• **EXERCISE DIRECTIONS**: Only the pictures should be dropped; every line of the data must come back exactly as written.

• **RECORDED DATA**:
━━━━

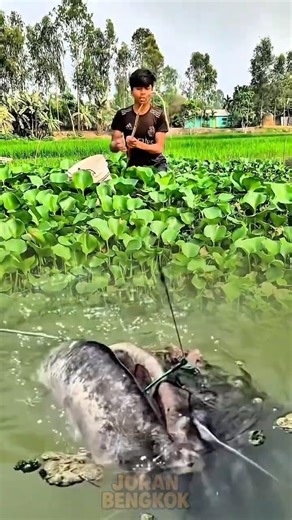 “No One Expected This… Monster Catfish Hiding in a Hyacinth Lake!” #fishing #shorts #catfish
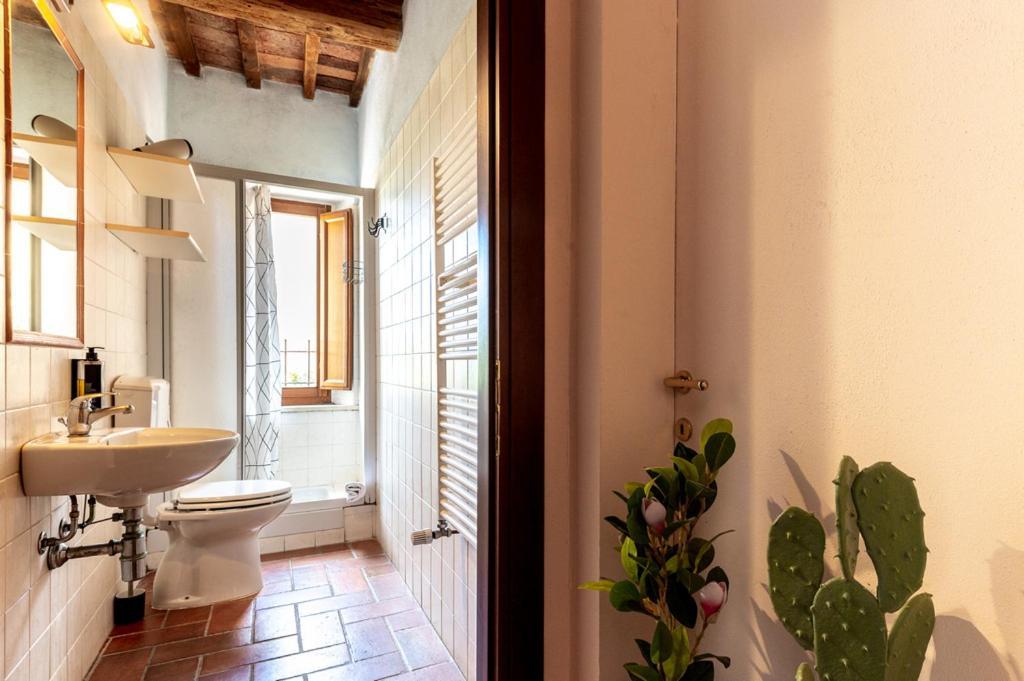 Massa Alta B&B E Appartamenti Масса-Мариттима Экстерьер фото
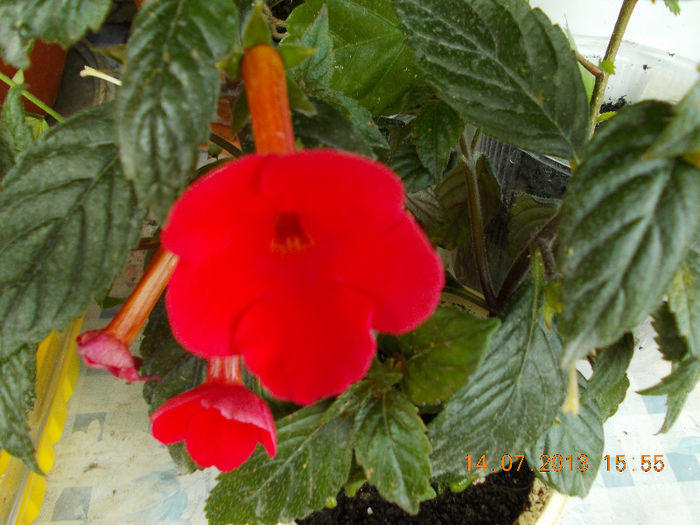 orange delight - achimenes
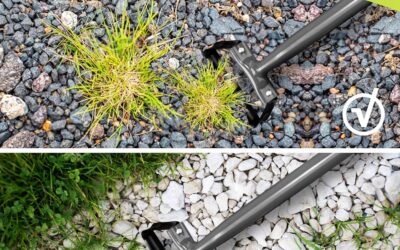 Walensee Mini Action Hoe Review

━━━━

• **OUTPUT**:
 “No One Expected This… Monster Catfish Hiding in a Hyacinth Lake!” #fishing #shorts #catfish
 Massa Alta B&B E Appartamenti Масса-Мариттима Экстерьер фото
 orange delight - achimenes
 Walensee Mini Action Hoe Review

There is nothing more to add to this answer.